(Data section)

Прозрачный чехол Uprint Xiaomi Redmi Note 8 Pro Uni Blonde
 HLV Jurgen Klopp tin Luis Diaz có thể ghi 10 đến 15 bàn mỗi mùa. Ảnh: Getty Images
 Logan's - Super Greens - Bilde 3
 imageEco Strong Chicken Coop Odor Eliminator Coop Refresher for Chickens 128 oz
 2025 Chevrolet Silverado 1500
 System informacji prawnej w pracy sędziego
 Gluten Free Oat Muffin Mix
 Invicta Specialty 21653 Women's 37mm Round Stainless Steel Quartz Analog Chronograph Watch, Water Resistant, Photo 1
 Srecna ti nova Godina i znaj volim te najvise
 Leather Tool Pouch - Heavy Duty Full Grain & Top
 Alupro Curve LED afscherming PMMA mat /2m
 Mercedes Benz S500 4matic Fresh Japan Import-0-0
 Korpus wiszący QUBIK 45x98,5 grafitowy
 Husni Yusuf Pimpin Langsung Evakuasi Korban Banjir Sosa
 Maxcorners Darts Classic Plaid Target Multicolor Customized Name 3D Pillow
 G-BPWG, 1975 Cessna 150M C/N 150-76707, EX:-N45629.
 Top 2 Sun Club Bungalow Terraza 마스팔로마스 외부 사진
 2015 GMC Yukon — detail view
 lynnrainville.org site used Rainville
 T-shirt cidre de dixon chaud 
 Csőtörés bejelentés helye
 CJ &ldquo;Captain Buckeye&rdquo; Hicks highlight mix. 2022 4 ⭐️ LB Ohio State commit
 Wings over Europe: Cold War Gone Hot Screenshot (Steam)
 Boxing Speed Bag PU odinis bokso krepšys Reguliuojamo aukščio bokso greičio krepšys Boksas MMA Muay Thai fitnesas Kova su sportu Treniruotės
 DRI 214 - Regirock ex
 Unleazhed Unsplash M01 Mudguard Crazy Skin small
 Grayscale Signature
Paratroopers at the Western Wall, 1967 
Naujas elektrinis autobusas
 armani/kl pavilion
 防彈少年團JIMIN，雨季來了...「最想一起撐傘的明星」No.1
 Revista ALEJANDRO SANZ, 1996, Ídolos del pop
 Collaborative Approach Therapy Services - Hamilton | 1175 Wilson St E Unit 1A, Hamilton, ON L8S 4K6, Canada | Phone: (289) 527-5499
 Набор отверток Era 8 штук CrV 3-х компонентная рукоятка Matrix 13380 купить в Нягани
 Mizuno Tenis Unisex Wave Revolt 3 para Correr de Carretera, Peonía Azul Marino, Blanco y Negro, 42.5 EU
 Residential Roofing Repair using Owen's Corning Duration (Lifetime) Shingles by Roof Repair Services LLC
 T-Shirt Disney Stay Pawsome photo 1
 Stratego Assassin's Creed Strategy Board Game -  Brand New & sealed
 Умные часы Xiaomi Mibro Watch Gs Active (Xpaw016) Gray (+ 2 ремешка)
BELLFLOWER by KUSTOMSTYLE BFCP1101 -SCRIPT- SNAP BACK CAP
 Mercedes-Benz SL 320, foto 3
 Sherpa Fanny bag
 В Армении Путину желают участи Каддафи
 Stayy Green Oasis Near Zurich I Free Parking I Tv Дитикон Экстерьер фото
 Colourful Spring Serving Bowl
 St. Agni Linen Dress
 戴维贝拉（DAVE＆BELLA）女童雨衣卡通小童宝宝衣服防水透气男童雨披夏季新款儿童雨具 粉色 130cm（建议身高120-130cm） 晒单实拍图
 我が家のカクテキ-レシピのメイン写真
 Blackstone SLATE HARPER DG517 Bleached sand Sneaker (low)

(End Data section)

*What the exercise asks*:
As the exercise requires, copy out the data shown above word for word.

*Reply*:
Прозрачный чехол Uprint Xiaomi Redmi Note 8 Pro Uni Blonde
 HLV Jurgen Klopp tin Luis Diaz có thể ghi 10 đến 15 bàn mỗi mùa. Ảnh: Getty Images
 Logan's - Super Greens - Bilde 3
 imageEco Strong Chicken Coop Odor Eliminator Coop Refresher for Chickens 128 oz
 2025 Chevrolet Silverado 1500
 System informacji prawnej w pracy sędziego
 Gluten Free Oat Muffin Mix
 Invicta Specialty 21653 Women's 37mm Round Stainless Steel Quartz Analog Chronograph Watch, Water Resistant, Photo 1
 Srecna ti nova Godina i znaj volim te najvise
 Leather Tool Pouch - Heavy Duty Full Grain & Top
 Alupro Curve LED afscherming PMMA mat /2m
 Mercedes Benz S500 4matic Fresh Japan Import-0-0
 Korpus wiszący QUBIK 45x98,5 grafitowy
 Husni Yusuf Pimpin Langsung Evakuasi Korban Banjir Sosa
 Maxcorners Darts Classic Plaid Target Multicolor Customized Name 3D Pillow
 G-BPWG, 1975 Cessna 150M C/N 150-76707, EX:-N45629.
 Top 2 Sun Club Bungalow Terraza 마스팔로마스 외부 사진
 2015 GMC Yukon — detail view
 lynnrainville.org site used Rainville
 T-shirt cidre de dixon chaud 
 Csőtörés bejelentés helye
 CJ &ldquo;Captain Buckeye&rdquo; Hicks highlight mix. 2022 4 ⭐️ LB Ohio State commit
 Wings over Europe: Cold War Gone Hot Screenshot (Steam)
 Boxing Speed Bag PU odinis bokso krepšys Reguliuojamo aukščio bokso greičio krepšys Boksas MMA Muay Thai fitnesas Kova su sportu Treniruotės
 DRI 214 - Regirock ex
 Unleazhed Unsplash M01 Mudguard Crazy Skin small
 Grayscale Signature
Paratroopers at the Western Wall, 1967 
Naujas elektrinis autobusas
 armani/kl pavilion
 防彈少年團JIMIN，雨季來了...「最想一起撐傘的明星」No.1
 Revista ALEJANDRO SANZ, 1996, Ídolos del pop
 Collaborative Approach Therapy Services - Hamilton | 1175 Wilson St E Unit 1A, Hamilton, ON L8S 4K6, Canada | Phone: (289) 527-5499
 Набор отверток Era 8 штук CrV 3-х компонентная рукоятка Matrix 13380 купить в Нягани
 Mizuno Tenis Unisex Wave Revolt 3 para Correr de Carretera, Peonía Azul Marino, Blanco y Negro, 42.5 EU
 Residential Roofing Repair using Owen's Corning Duration (Lifetime) Shingles by Roof Repair Services LLC
 T-Shirt Disney Stay Pawsome photo 1
 Stratego Assassin's Creed Strategy Board Game -  Brand New & sealed
 Умные часы Xiaomi Mibro Watch Gs Active (Xpaw016) Gray (+ 2 ремешка)
BELLFLOWER by KUSTOMSTYLE BFCP1101 -SCRIPT- SNAP BACK CAP
 Mercedes-Benz SL 320, foto 3
 Sherpa Fanny bag
 В Армении Путину желают участи Каддафи
 Stayy Green Oasis Near Zurich I Free Parking I Tv Дитикон Экстерьер фото
 Colourful Spring Serving Bowl
 St. Agni Linen Dress
 戴维贝拉（DAVE＆BELLA）女童雨衣卡通小童宝宝衣服防水透气男童雨披夏季新款儿童雨具 粉色 130cm（建议身高120-130cm） 晒单实拍图
 我が家のカクテキ-レシピのメイン写真
 Blackstone SLATE HARPER DG517 Bleached sand Sneaker (low)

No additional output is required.